◆ **PROBLEM REQUIREMENTS**
Copy, exactly and without additions, every line in the records below from the one holding "(Brown, UK 8)" through the one holding "Big Gyerek Saucony", both ends included.

◆ **RECORDED INFORMATION**
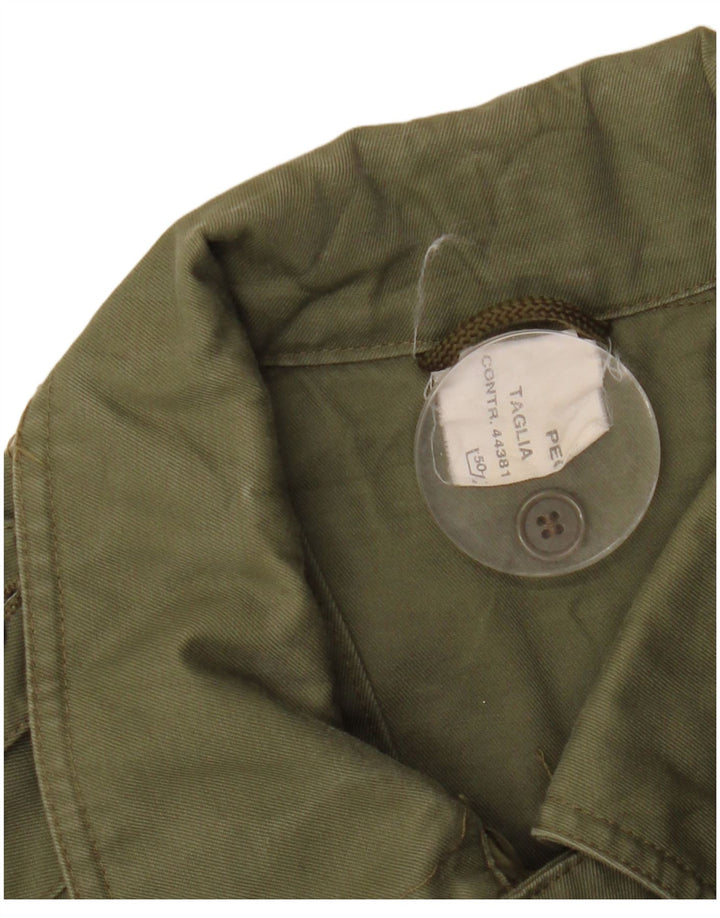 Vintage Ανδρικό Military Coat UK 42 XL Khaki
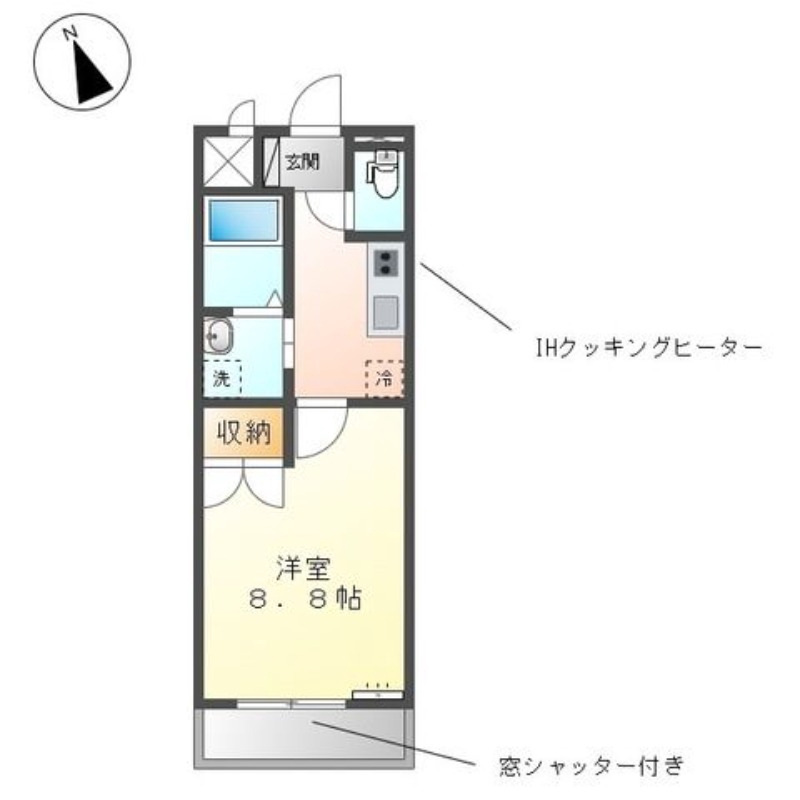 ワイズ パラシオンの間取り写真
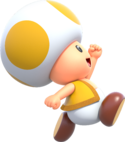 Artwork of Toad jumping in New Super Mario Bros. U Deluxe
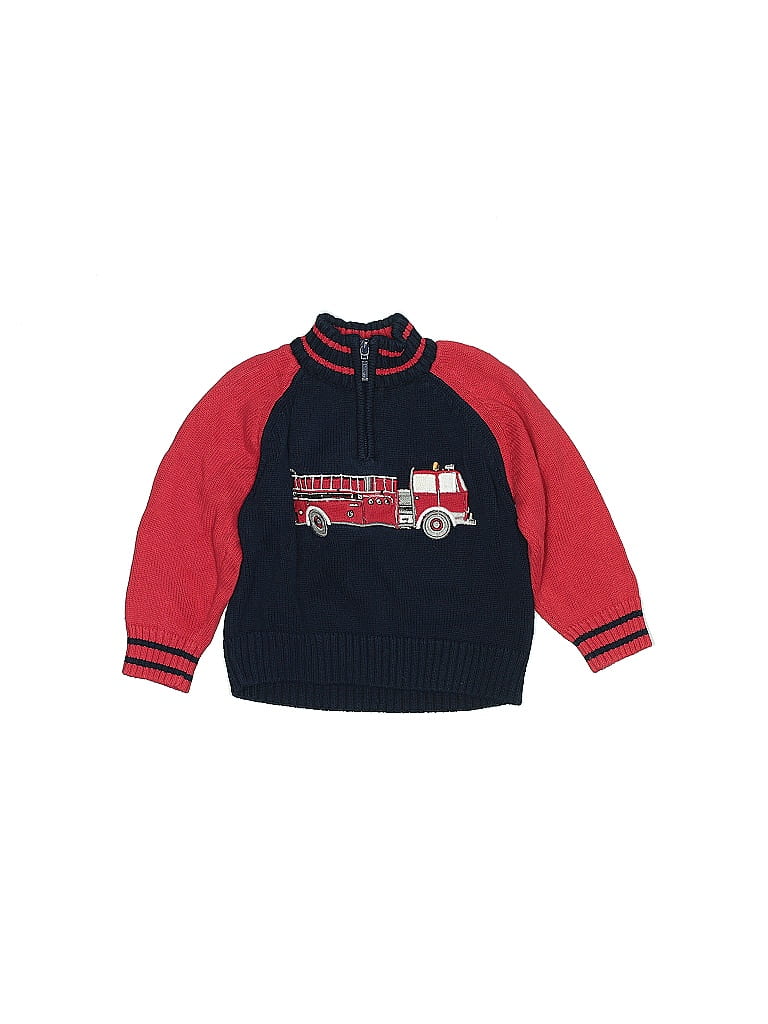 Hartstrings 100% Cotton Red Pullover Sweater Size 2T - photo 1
==
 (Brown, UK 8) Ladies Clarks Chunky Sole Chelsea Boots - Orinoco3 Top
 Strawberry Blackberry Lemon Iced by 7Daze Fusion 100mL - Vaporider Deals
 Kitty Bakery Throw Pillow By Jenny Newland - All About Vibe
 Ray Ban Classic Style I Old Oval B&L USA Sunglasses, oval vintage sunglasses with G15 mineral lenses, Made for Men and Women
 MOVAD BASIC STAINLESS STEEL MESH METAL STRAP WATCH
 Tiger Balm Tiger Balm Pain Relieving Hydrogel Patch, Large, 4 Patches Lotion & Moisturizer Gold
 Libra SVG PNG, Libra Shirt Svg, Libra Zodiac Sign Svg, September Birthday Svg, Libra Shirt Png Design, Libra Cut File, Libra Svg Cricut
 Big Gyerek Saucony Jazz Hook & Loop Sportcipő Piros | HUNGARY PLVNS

◆ **TASK RESULT**
 (Brown, UK 8) Ladies Clarks Chunky Sole Chelsea Boots - Orinoco3 Top
 Strawberry Blackberry Lemon Iced by 7Daze Fusion 100mL - Vaporider Deals
 Kitty Bakery Throw Pillow By Jenny Newland - All About Vibe
 Ray Ban Classic Style I Old Oval B&L USA Sunglasses, oval vintage sunglasses with G15 mineral lenses, Made for Men and Women
 MOVAD BASIC STAINLESS STEEL MESH METAL STRAP WATCH
 Tiger Balm Tiger Balm Pain Relieving Hydrogel Patch, Large, 4 Patches Lotion & Moisturizer Gold
 Libra SVG PNG, Libra Shirt Svg, Libra Zodiac Sign Svg, September Birthday Svg, Libra Shirt Png Design, Libra Cut File, Libra Svg Cricut
 Big Gyerek Saucony Jazz Hook & Loop Sportcipő Piros | HUNGARY PLVNS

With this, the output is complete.